At the beginning of the second half of the year, China’s already shaky economy sputtered even more as unanticipated factory slowdowns, a worsening real estate market downturn, and the threat of widespread job cutbacks persisted.
In July, manufacturing activity increased less quickly than anticipated compared to June, when broad COVID lockdowns were removed, according to a private poll released by Caixin on Monday. This came on top of a negative official survey released on Sunday that showed the industry actually shrank in January.
On Monday, China Index Academy, one of the biggest independent real estate research firms in the nation, released a survey that revealed property sales by floor area in 17 cities it tracks fell 33.4 percent in July compared to a post-lockdown jump of 88.9 percent in June. This was because buyers avoided a market that was becoming more and more saturated with desperate sellers.

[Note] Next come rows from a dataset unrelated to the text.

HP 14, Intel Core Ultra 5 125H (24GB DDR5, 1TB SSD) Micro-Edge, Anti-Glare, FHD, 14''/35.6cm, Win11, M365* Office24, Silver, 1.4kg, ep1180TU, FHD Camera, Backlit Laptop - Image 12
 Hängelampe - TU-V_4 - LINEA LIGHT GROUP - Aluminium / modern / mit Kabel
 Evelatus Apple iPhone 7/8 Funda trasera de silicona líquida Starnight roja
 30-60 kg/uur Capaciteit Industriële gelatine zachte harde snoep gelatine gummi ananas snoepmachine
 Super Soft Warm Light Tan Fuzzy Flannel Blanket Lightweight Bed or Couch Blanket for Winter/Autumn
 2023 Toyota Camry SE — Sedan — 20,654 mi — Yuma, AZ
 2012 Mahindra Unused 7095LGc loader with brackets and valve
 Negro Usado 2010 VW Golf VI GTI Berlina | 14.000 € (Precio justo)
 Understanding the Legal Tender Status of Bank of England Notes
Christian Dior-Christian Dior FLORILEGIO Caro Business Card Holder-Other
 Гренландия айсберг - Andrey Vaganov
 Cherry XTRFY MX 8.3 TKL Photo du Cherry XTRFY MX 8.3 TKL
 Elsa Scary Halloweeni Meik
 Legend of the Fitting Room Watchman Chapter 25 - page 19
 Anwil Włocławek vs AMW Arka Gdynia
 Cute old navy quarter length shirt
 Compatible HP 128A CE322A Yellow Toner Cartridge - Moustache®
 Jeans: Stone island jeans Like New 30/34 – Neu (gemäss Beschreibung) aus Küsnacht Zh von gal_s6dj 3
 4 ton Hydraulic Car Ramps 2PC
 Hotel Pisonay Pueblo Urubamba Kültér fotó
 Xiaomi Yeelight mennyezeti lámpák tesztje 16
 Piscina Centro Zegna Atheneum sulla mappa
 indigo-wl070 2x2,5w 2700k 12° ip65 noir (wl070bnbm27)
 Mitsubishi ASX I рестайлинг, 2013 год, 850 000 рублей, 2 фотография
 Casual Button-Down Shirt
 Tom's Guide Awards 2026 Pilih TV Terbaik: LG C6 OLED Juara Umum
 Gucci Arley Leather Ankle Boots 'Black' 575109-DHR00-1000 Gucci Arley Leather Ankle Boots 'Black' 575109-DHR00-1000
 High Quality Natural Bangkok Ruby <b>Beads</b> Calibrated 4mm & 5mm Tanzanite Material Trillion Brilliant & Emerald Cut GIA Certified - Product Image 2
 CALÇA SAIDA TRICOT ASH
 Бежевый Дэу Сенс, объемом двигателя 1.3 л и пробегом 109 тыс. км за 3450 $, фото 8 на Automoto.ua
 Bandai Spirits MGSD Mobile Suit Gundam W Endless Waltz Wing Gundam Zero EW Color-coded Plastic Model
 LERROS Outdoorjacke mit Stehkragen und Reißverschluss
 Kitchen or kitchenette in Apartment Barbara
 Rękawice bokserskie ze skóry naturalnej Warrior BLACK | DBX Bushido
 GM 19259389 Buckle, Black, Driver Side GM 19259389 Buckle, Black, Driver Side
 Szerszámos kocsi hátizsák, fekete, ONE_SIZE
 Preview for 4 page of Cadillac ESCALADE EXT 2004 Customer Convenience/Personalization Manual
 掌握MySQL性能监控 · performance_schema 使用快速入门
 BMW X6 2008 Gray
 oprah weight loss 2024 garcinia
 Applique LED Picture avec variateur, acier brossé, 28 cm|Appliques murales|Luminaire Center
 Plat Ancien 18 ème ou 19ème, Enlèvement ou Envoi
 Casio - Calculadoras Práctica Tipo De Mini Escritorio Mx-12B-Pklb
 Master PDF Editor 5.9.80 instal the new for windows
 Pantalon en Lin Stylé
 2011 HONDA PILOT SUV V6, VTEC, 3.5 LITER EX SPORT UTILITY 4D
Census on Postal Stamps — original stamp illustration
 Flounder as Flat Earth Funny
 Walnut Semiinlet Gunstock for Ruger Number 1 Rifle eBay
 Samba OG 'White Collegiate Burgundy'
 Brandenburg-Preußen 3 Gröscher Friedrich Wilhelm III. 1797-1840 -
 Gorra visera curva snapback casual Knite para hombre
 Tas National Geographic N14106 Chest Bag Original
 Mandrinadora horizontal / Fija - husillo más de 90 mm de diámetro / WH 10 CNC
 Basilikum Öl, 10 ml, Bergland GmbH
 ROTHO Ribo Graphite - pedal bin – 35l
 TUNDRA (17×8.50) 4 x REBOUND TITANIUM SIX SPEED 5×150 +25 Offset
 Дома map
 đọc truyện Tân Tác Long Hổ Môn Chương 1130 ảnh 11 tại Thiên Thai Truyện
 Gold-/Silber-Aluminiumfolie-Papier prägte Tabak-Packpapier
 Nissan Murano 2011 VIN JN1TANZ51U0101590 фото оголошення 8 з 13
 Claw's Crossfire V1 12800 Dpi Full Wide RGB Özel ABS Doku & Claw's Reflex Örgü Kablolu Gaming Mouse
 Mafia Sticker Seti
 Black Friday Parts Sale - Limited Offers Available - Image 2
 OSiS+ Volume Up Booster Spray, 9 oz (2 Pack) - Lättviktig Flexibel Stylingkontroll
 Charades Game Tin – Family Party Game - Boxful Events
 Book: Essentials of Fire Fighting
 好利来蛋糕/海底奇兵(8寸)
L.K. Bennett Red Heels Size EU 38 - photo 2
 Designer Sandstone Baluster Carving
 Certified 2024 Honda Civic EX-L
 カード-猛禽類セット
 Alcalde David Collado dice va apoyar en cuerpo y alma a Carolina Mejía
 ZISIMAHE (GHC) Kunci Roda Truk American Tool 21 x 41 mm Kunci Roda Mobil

The top officials of the nation indicated this week that they were ready to fall short of the 5.5 percent government growth target for 2022, the year that President Xi Jinping is anticipated to win a record-breaking third term in office.
Despite worries about a global recession, unpredictability from the Ukraine war, and the possibility of recurrent COVID lockdowns at home, the second quarter’s gross domestic product only increased by 0.4 percent year over year. Nonetheless, authorities have so far refrained from implementing significant stimulus.
After the second quarter’s (GDP) plunged, “stagnation is what everyone is worried about more,” said Nie Wen, a Shanghai-based analyst at Hwabao Trust.
“In the second half, accelerating the recovery of consumption would be more economically important.”
After COVID lockdowns were lifted in some locations, including Shanghai, retail sales rebounded in June, up 3.1 percent year over year. Additionally, the unemployment rate decreased from 5.9 percent in May to 5.5 percent.
Due to considerable employment insecurity, consumer sentiment remained precarious.